▶ **Try it**
Starting at the line that contains "APL Propelium Sneakers" and stopping after the line that contains "CASA CAMPESTRE EN", transcribe the listing below exactly; do not include any pictures.

▶ **Material provided**

----------

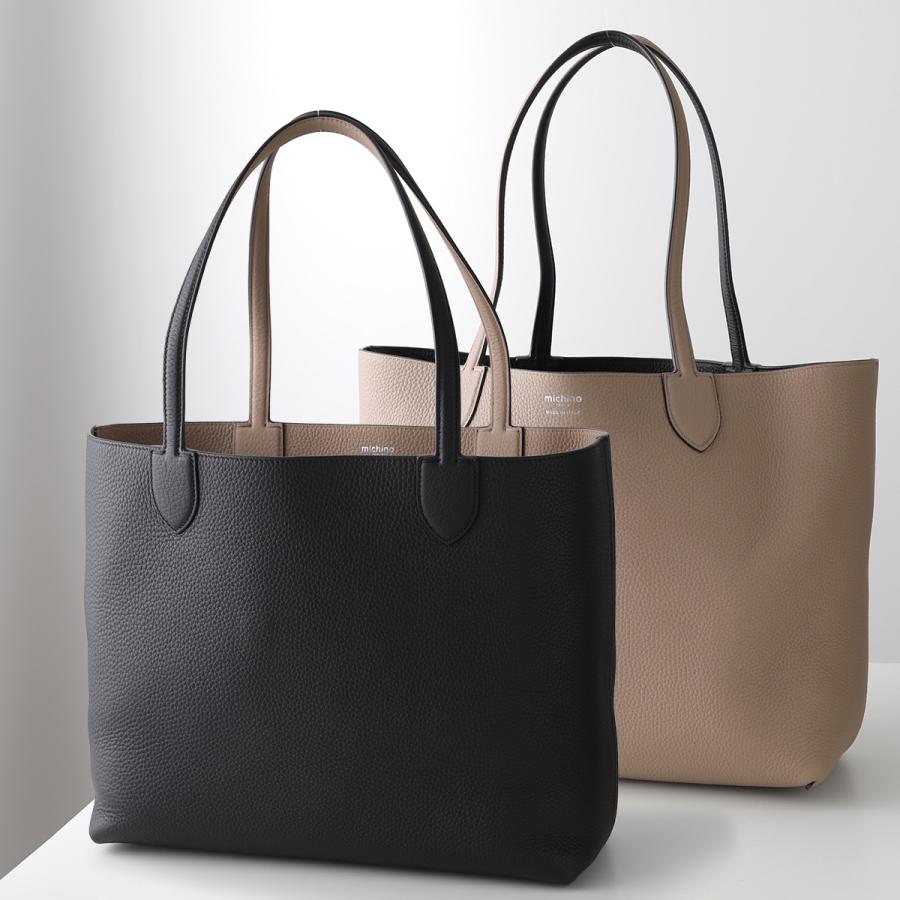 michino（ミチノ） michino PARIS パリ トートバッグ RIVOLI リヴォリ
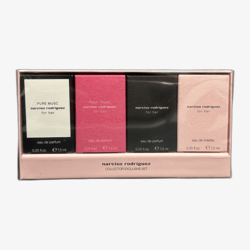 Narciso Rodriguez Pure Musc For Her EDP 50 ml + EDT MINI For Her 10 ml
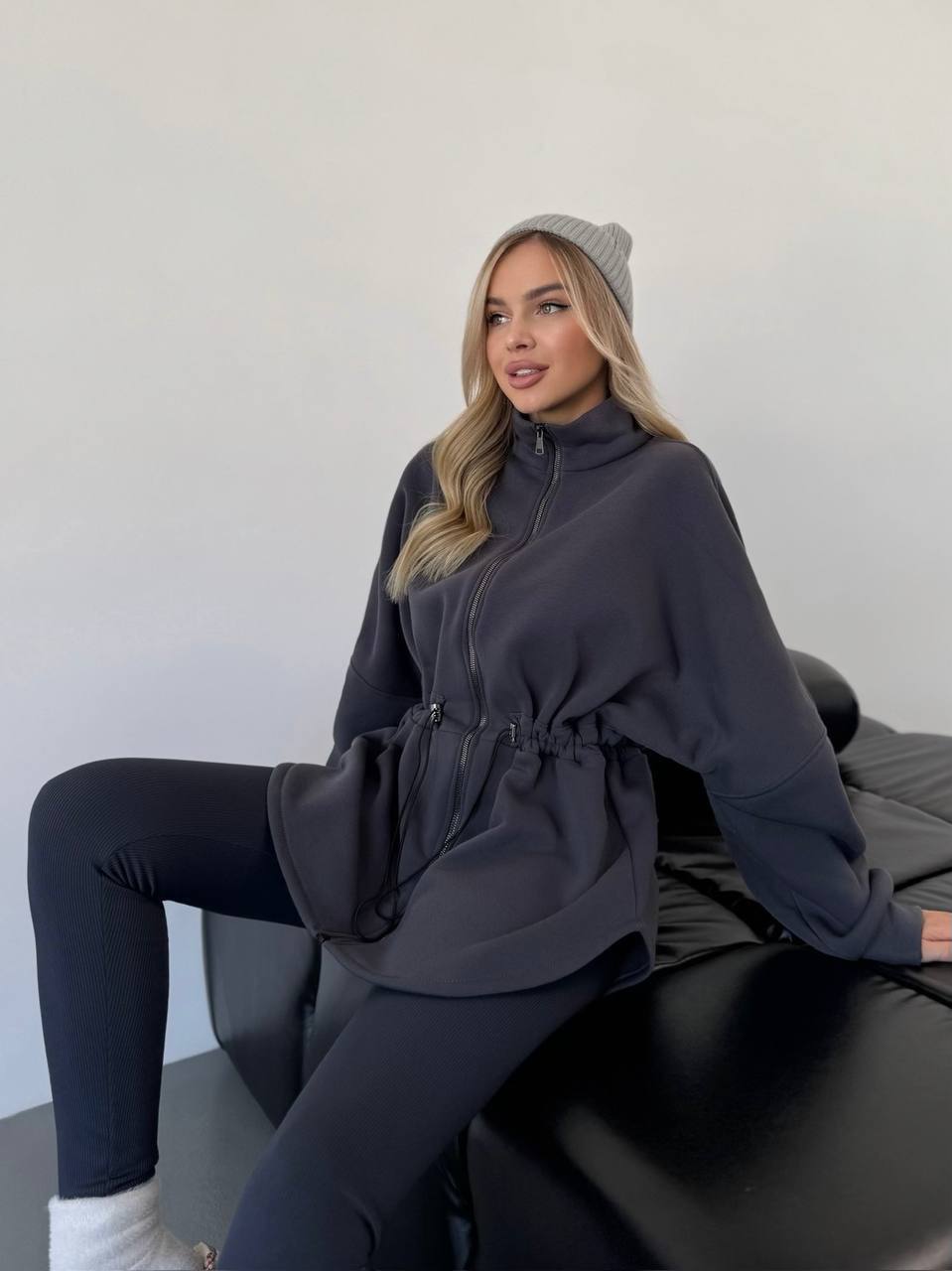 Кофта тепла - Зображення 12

----------

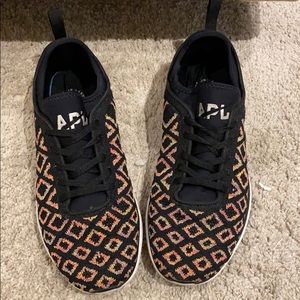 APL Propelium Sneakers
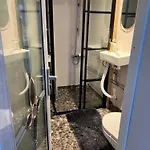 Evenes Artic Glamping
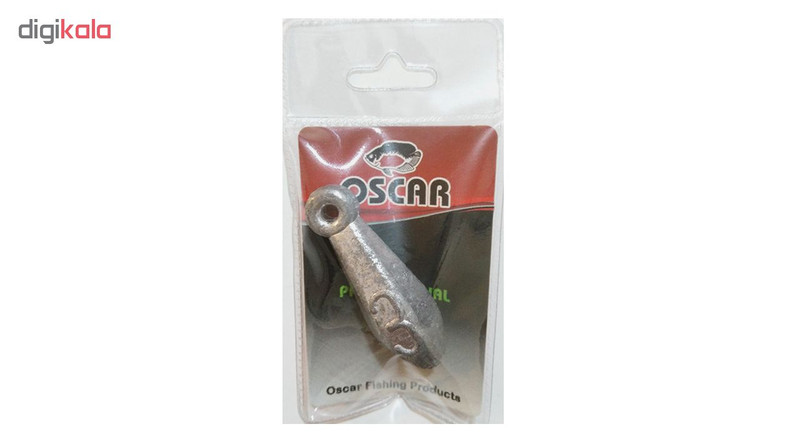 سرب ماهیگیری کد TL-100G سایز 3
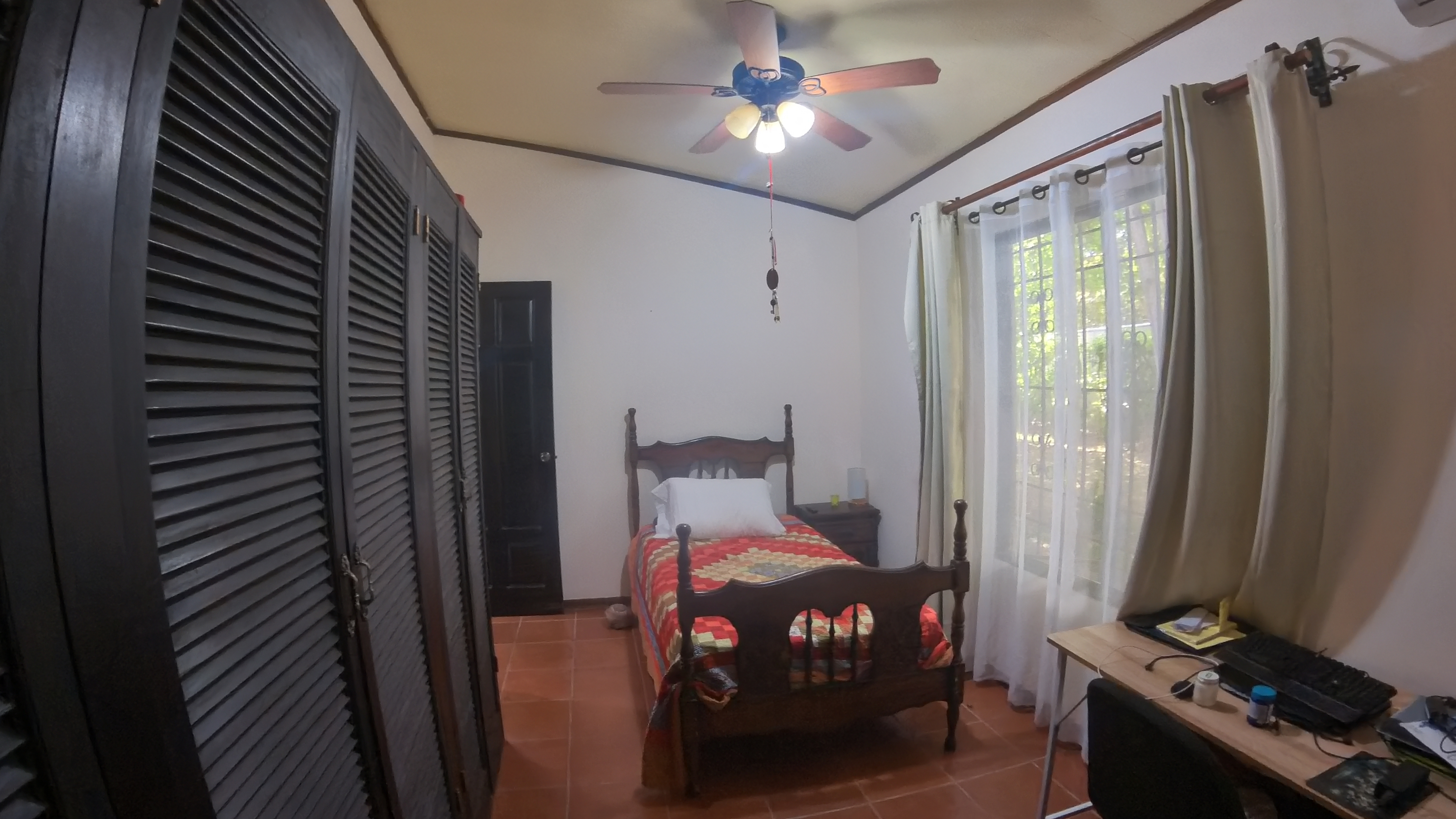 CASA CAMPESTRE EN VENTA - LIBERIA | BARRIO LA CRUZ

----------

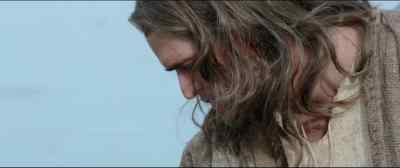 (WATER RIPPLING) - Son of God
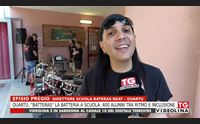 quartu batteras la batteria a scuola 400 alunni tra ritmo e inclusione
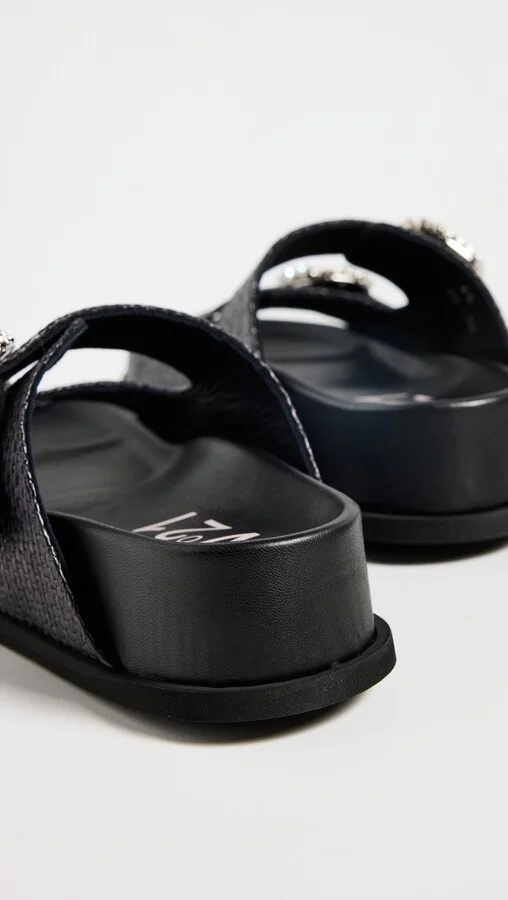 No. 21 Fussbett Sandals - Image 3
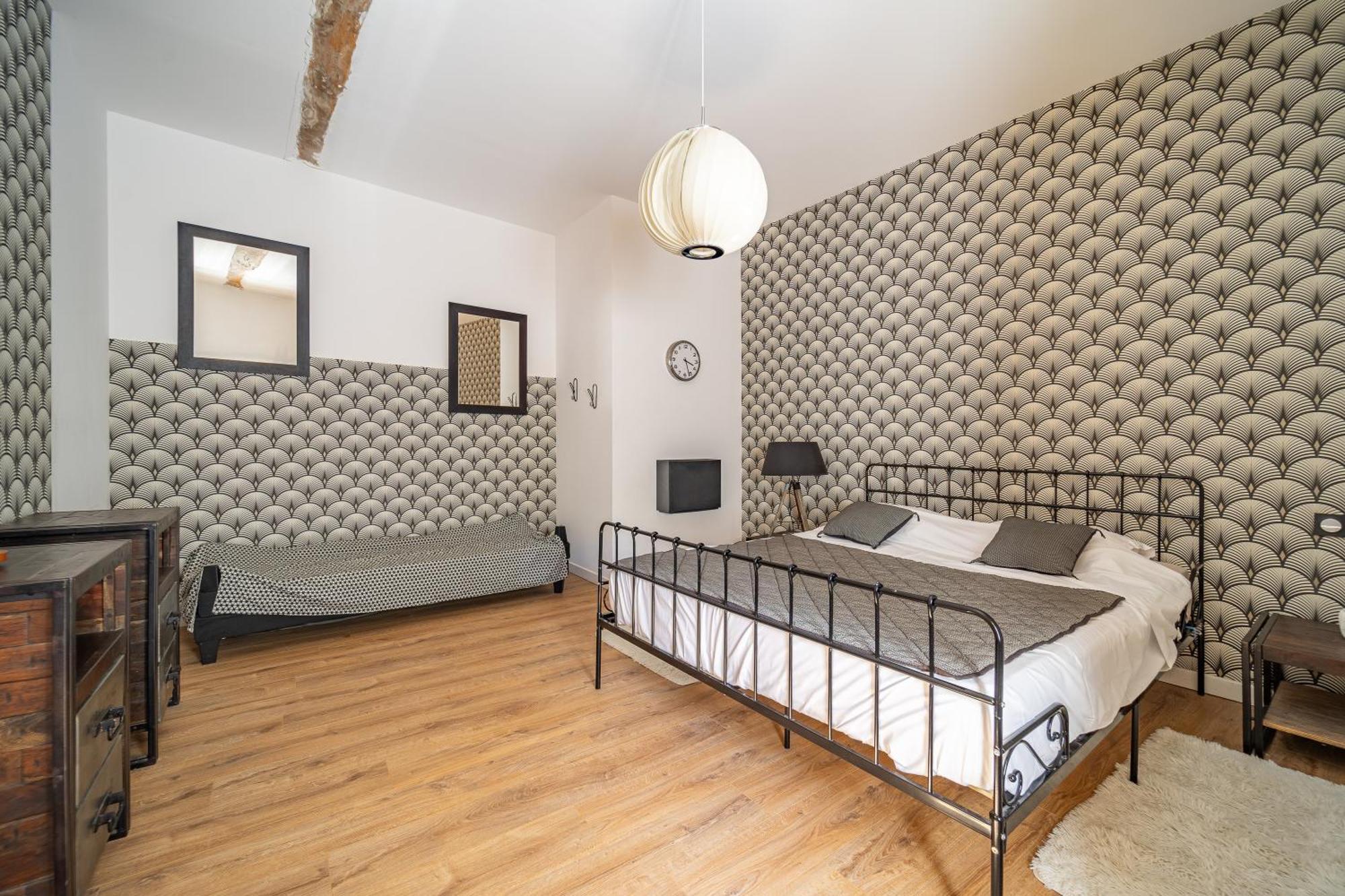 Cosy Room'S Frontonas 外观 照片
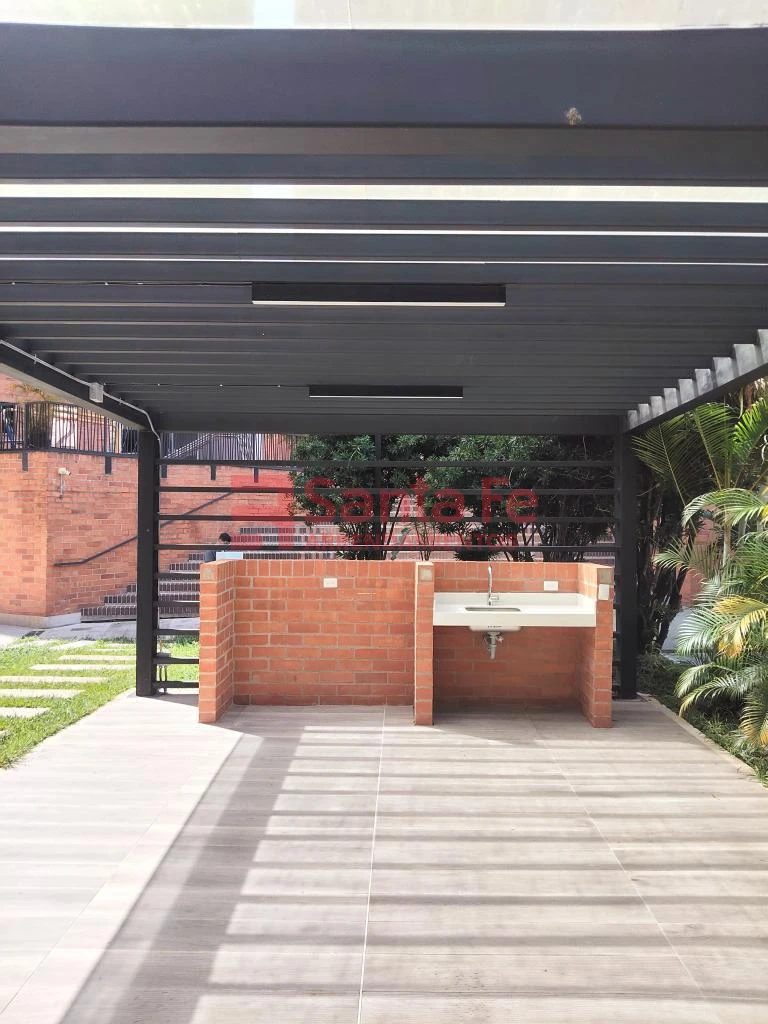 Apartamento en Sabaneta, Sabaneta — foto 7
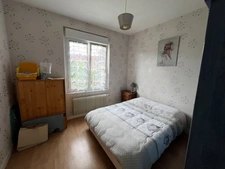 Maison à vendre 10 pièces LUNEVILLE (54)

----------

▶ **Solution below**
 APL Propelium Sneakers
 Evenes Artic Glamping
 سرب ماهیگیری کد TL-100G سایز 3
 CASA CAMPESTRE EN VENTA - LIBERIA | BARRIO LA CRUZ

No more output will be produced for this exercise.